The Financial Services Authority (FSA) has yesterday published rules on platforms regulation. This follows a review of the regulation of platforms in the context of the objectives of the Retail Distribution Review (RDR).

The rules published yesterday extend the consumer protection elements of the RDR into a rapidly developing area of investment services. These new rules have two key aims; firstly, to ensure that consumers receive a better service and, secondly, for the market to be more transparent and operate more efficiently.

The key rules designed to provide better service for consumers:

  • require platforms and other nominee companies to transfer, within a reasonable time and in an efficient manner, assets held on behalf of customers to another person, when requested; and
  • require platforms and other nominees to pass on fund information to the end investor.

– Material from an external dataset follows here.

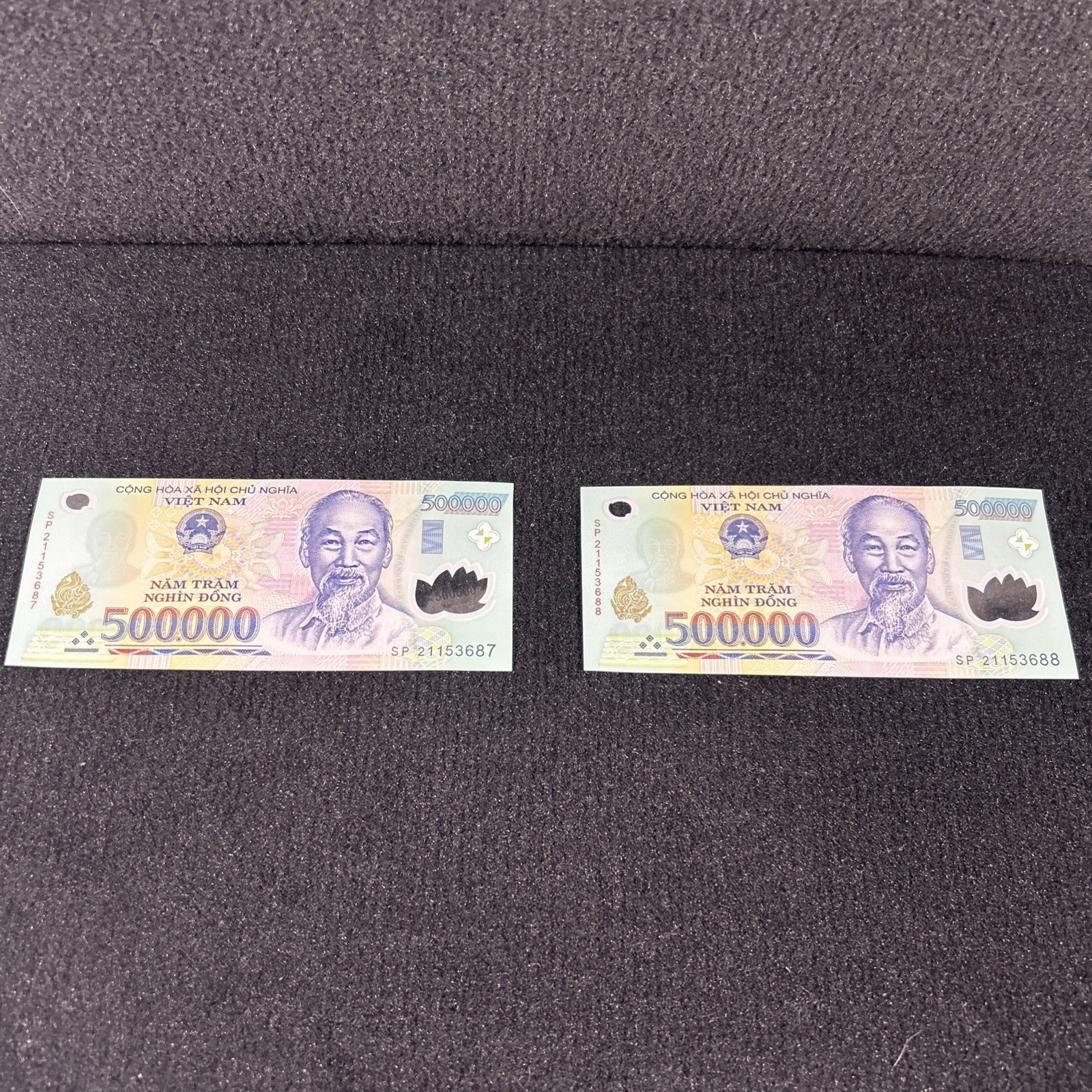 1,000,000 Vietnamese Dong 2 X 500K VND Polymer Notes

To enable greater transparency and efficiency in the market, the rules:

  • require investment adviser firms using a platform service for the purposes of making a personal recommendation, or arranging the purchase of retail investment products for retail clients, to take reasonable steps to ensure that they use platforms services that present their retail investment products without bias;
  • require platforms to disclose to professional and retail clients any fees or commission they arrange to accept from third parties in relation to retail investment products. These should be disclosed in advance of the platform providing services to those clients;
  • extend the application of the RDR rules on facilitating payment of adviser charges to facilitation through platforms - for instance, if a platform has client cash accounts, it could enable payments of adviser charges out of such accounts; and
  • require nominees to respond to information requests by authorised fund managers for liquidity purposes.

In respect of incentives, the FSA has decided that it would be desirable, in principle, to ban both cash rebates from product providers to investors and product provider payments to platforms. However, given the potential impact of these changes on the business models of platform service providers, the FSA has concluded that further research is needed to ensure that the implications for consumers are fully understood before proposing new rules.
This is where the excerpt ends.